What is expected:
The output must match the lines from the first line of the listing below through the line holding "在表決通過各項(xiàng)" exactly and must contain no pictures.
◆ ◆ ◆ ◆
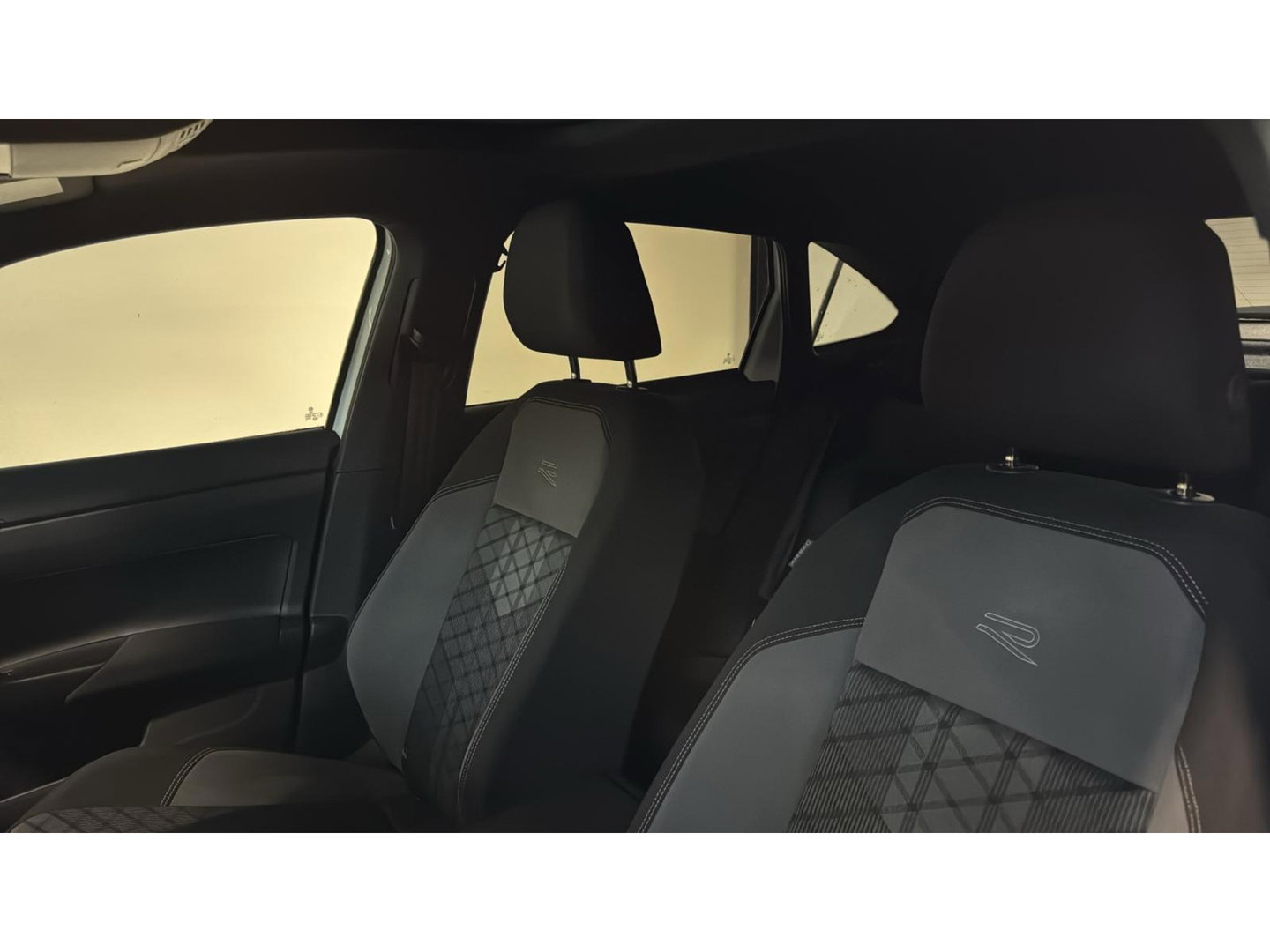 Volkswagen Taigo 1.5 TSI R-Line BEATS PANO KEYLESS'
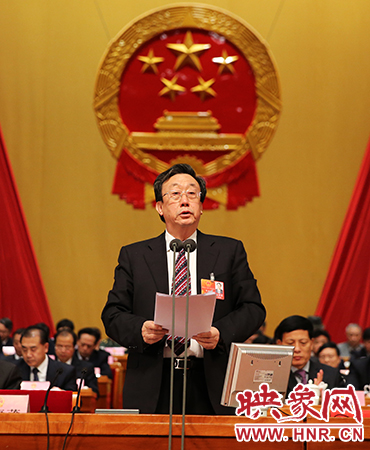 在表決通過各項(xiàng)決議后，省委書記、省人大常委會主任郭庚茂作出講話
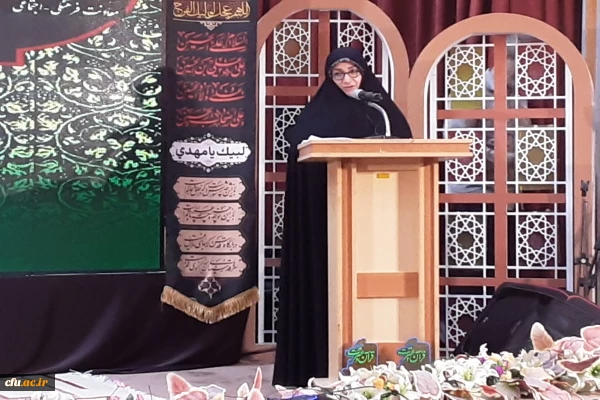 مدیرکل فرهنگی دانشگاه فرهنگیان کشور با اشاره به مشارکت ۱۰ هزار دانشجو معلم در بخش آوایی و دو هزار نفر در بخش گروهی سی و دومین جشنواره قرآن و عترت دانشگاه فرهنگیان کشور، گفت: این جشنواره در ۱۰ بخش و ۵۱ رشته برگزار شد. 2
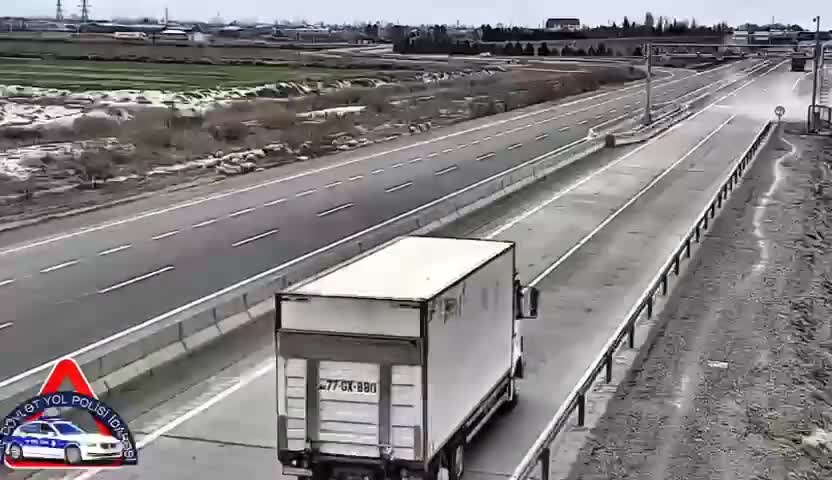 Dəmir səddə çırpıldı , sonra isə... - Dəhşət saçan görüntülər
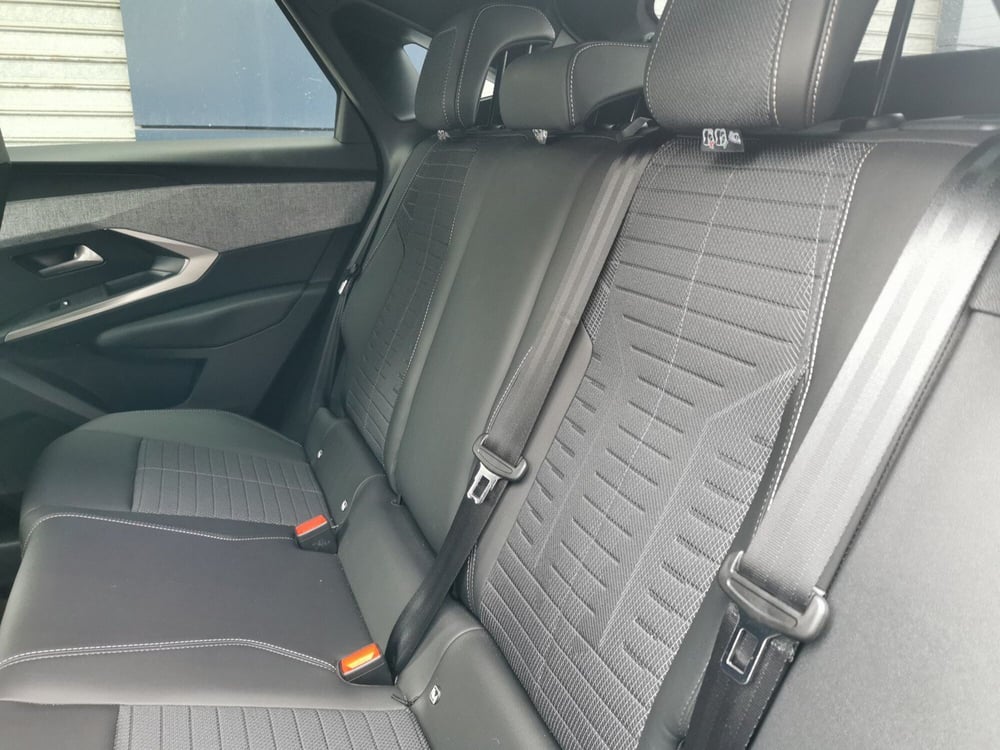 Peugeot 3008 nuova a Brindisi (13)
◆ ◆ ◆ ◆
Exercise output:
 Volkswagen Taigo 1.5 TSI R-Line BEATS PANO KEYLESS'
 在表決通過各項(xiàng)決議后，省委書記、省人大常委會主任郭庚茂作出講話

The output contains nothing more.